I want to count the number of distinct items in a column subject to a certain condition, for example if the table is like this:
tag | entryID
----+---------
foo | 0
foo | 0
bar | 3
If I want to count the number of distinct tags as "tag count" and count the number of distinct tags with entry id > 0 as "positive tag count" in the same table, what should I do?
I'm now counting from two different tables where in the second table I've only selected those rows with entryID larger than zero. I think there should be a more compact way to solve this problem.

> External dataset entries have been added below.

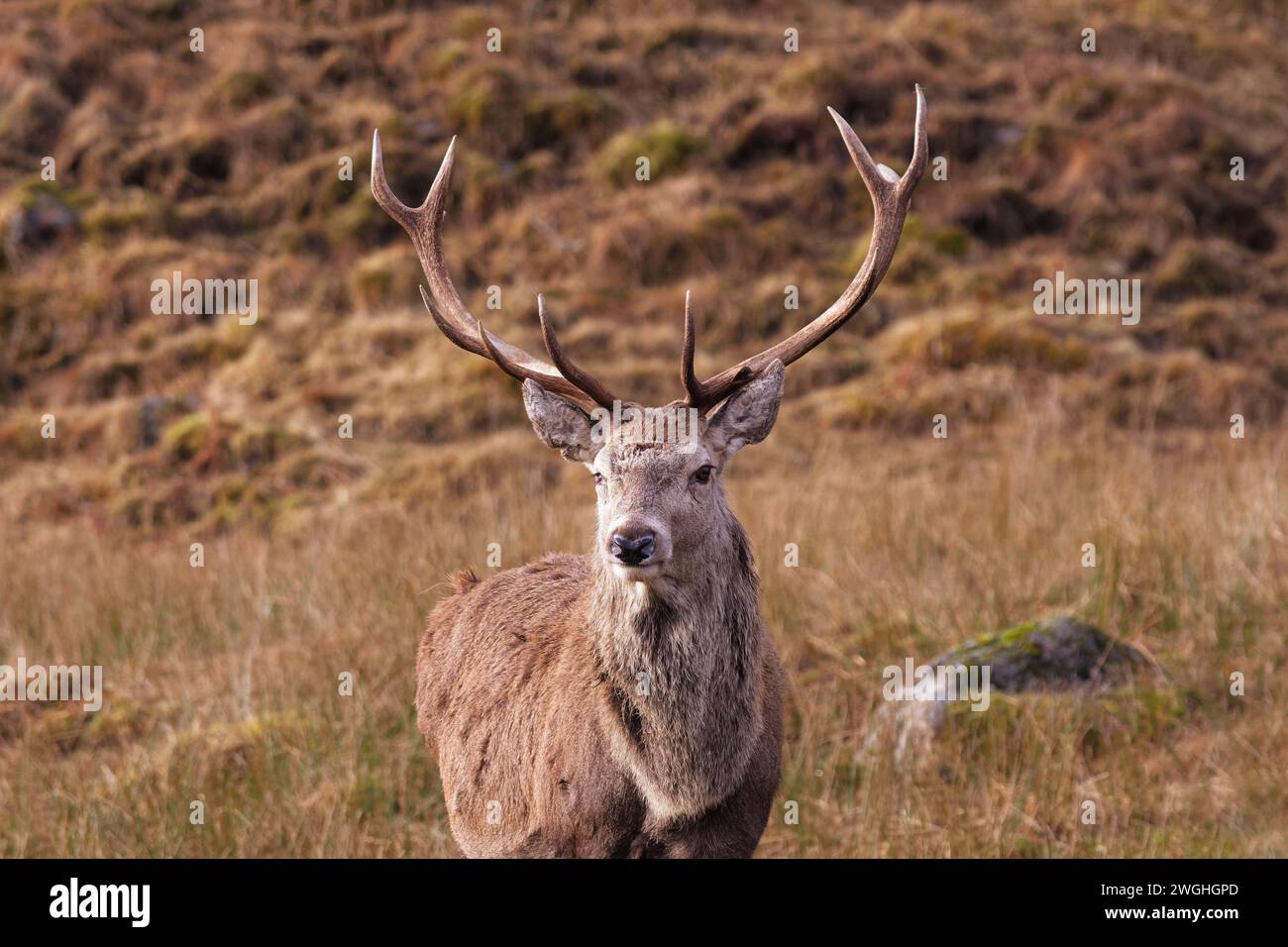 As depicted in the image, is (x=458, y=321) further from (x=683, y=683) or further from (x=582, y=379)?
(x=683, y=683)

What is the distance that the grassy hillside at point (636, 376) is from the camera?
7289 millimetres

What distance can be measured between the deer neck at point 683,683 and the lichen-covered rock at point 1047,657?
3135 millimetres

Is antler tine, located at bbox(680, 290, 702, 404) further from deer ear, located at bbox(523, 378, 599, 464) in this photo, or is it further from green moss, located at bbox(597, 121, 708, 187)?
green moss, located at bbox(597, 121, 708, 187)

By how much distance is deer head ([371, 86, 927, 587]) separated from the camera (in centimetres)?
448

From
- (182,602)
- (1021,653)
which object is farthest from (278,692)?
(1021,653)

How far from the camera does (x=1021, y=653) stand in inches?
300

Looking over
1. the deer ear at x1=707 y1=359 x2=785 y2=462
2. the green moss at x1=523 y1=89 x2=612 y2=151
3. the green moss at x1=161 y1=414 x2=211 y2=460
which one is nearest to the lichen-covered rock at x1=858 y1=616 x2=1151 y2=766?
the deer ear at x1=707 y1=359 x2=785 y2=462

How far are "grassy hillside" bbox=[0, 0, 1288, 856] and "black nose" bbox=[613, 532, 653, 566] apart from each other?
282cm

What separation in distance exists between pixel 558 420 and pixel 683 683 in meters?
0.94

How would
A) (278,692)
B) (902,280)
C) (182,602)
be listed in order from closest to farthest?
1. (278,692)
2. (182,602)
3. (902,280)

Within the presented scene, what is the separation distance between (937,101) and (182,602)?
18.4m

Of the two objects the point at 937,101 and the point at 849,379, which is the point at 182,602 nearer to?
the point at 849,379

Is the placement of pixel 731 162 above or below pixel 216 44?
below

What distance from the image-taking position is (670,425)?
473cm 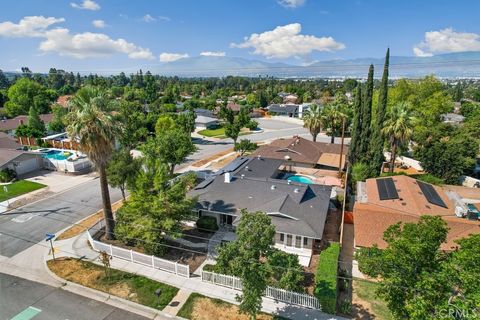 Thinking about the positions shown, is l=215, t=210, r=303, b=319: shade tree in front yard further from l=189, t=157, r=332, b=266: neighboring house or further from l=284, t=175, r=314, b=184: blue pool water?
l=284, t=175, r=314, b=184: blue pool water

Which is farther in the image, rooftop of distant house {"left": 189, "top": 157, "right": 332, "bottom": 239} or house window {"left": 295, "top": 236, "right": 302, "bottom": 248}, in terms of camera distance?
rooftop of distant house {"left": 189, "top": 157, "right": 332, "bottom": 239}

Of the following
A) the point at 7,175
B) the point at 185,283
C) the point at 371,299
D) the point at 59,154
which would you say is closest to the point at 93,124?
the point at 185,283

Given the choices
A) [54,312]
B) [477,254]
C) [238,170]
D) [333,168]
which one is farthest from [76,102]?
[333,168]

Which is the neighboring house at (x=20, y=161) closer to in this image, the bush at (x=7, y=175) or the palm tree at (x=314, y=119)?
the bush at (x=7, y=175)

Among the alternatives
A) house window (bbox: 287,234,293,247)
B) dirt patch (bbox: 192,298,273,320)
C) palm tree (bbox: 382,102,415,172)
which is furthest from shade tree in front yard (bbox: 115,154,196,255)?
palm tree (bbox: 382,102,415,172)

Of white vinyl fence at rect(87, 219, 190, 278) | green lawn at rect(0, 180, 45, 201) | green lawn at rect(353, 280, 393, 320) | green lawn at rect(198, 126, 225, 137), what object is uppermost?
green lawn at rect(198, 126, 225, 137)

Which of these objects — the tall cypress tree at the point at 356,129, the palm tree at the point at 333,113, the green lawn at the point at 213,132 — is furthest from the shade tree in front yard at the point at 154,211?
the green lawn at the point at 213,132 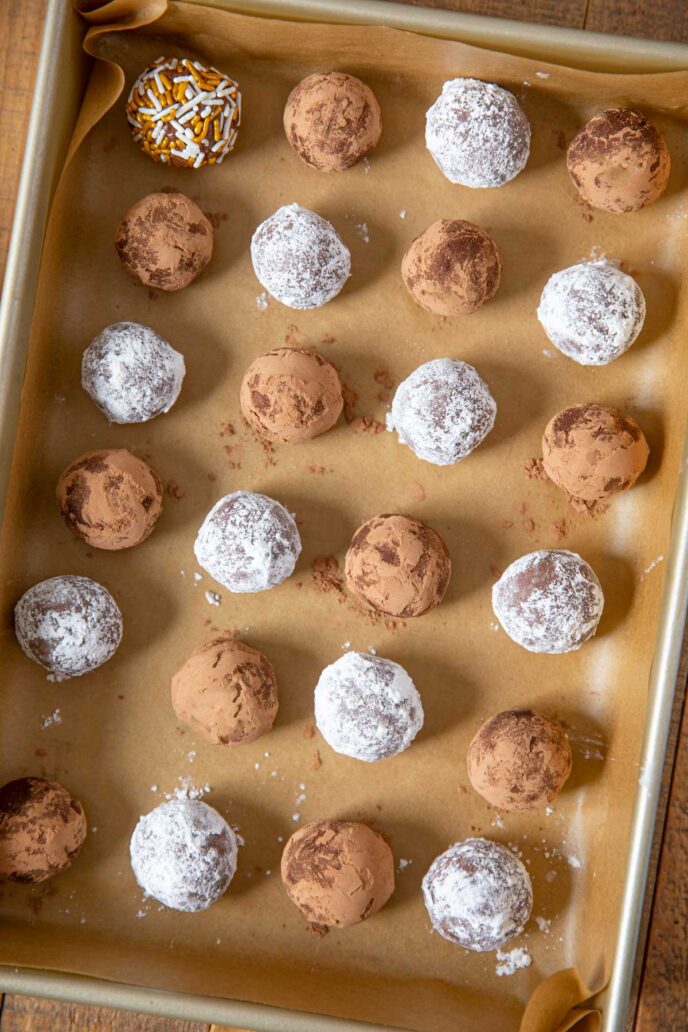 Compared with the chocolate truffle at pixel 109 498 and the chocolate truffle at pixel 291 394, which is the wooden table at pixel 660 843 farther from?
the chocolate truffle at pixel 291 394

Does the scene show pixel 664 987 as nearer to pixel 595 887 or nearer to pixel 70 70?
pixel 595 887

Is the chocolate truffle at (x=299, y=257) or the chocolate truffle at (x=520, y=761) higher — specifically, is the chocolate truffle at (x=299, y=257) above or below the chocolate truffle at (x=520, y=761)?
above

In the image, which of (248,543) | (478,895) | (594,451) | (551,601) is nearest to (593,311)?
(594,451)

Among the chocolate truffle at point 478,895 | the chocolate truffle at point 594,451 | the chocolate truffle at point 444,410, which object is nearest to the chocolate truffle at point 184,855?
the chocolate truffle at point 478,895

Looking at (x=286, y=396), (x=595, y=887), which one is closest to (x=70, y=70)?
(x=286, y=396)

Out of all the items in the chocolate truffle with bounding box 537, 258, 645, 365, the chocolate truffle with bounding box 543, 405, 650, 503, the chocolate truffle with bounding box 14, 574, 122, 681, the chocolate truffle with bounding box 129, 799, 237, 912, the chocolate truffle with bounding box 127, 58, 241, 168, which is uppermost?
the chocolate truffle with bounding box 127, 58, 241, 168

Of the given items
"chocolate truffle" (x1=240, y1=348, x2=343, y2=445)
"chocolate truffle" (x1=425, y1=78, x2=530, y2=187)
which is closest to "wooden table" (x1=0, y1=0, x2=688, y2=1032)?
"chocolate truffle" (x1=425, y1=78, x2=530, y2=187)

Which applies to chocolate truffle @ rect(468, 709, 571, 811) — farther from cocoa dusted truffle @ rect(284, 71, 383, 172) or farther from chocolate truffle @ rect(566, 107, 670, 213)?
cocoa dusted truffle @ rect(284, 71, 383, 172)

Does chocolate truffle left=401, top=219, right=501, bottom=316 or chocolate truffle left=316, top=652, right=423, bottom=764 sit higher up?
chocolate truffle left=401, top=219, right=501, bottom=316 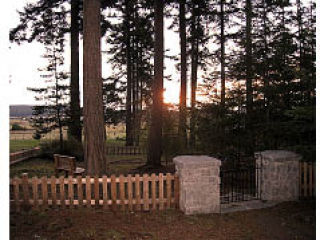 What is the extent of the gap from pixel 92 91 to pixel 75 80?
31.8 feet

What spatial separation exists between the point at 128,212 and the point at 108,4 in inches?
395

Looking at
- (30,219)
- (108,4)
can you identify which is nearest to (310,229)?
(30,219)

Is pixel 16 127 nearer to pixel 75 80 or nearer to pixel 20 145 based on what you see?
pixel 20 145

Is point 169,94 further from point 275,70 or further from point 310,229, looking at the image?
point 310,229

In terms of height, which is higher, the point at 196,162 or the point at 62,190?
the point at 196,162

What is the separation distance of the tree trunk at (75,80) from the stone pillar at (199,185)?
10577 millimetres

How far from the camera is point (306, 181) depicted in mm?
7742

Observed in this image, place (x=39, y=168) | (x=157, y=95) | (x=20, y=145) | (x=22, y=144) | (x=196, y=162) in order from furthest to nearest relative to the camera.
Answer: (x=22, y=144) < (x=20, y=145) < (x=39, y=168) < (x=157, y=95) < (x=196, y=162)

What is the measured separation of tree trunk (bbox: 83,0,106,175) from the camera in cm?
770

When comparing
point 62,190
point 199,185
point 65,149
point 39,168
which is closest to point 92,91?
point 62,190

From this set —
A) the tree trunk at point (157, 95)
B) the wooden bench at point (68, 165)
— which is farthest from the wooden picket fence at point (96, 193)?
the tree trunk at point (157, 95)

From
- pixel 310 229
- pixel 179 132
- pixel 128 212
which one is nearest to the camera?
pixel 310 229

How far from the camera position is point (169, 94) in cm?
2561

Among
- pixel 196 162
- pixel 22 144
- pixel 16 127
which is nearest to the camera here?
pixel 196 162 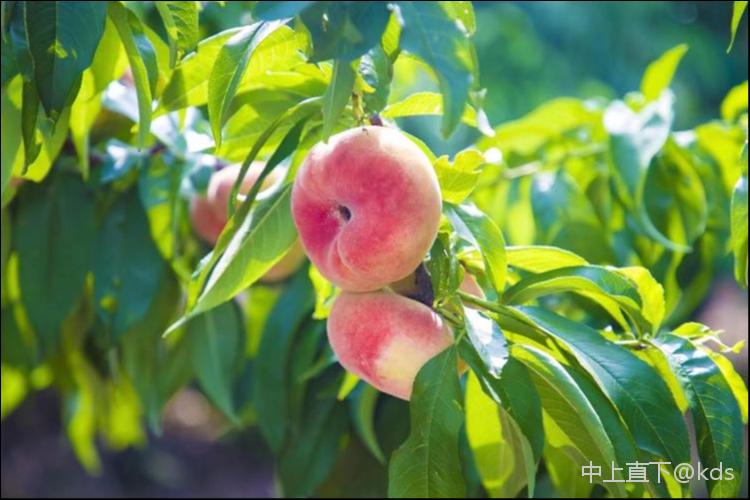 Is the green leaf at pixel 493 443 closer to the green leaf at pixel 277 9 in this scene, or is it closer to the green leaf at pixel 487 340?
the green leaf at pixel 487 340

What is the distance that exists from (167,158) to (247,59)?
392mm

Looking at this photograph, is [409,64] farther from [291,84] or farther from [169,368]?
[291,84]

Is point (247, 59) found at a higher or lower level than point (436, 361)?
higher

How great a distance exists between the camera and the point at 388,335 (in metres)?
0.67

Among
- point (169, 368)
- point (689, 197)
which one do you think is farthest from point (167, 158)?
point (689, 197)

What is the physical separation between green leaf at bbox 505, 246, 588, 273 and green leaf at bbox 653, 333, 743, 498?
0.10 m

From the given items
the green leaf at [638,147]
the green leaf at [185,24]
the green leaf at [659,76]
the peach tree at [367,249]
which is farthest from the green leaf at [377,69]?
the green leaf at [659,76]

This question is related to
sql
This may also work:
SELECT
COUNT(DISTINCT T.tag) as DistinctTag,
COUNT(DISTINCT T2.tag) as DistinctPositiveTag
FROM Table T
LEFT JOIN Table T2 ON T.tag = T2.tag AND T.entryID = T2.entryID AND T2.entryID > 0
You need the entryID condition in the left join rather than in a where clause in order to make sure that any items that only have a entryID of 0 get properly counted in the first DISTINCT.
This may work:
SELECT Count(tag) AS 'Tag Count'
FROM Table
GROUP BY tag
and
SELECT Count(tag) AS 'Negative Tag Count'
FROM Table
WHERE entryID > 0
GROUP BY tag
Code counts the unique/distinct combination of Tag & Entry ID when [Entry Id]>0
select count(distinct(concat(tag,entryId)))
from customers
where id>0
In the output it will display the count of unique values Hope this helps
Try the following statement:
select distinct A.[Tag],
count(A.[Tag]) as TAG_COUNT,
(SELECT count(*) FROM [TagTbl] AS B WHERE A.[Tag]=B.[Tag] AND B.[ID]>0)
from [TagTbl] AS A GROUP BY A.[Tag]
The first field will be the tag the second will be the whole count the third will be the positive ones count.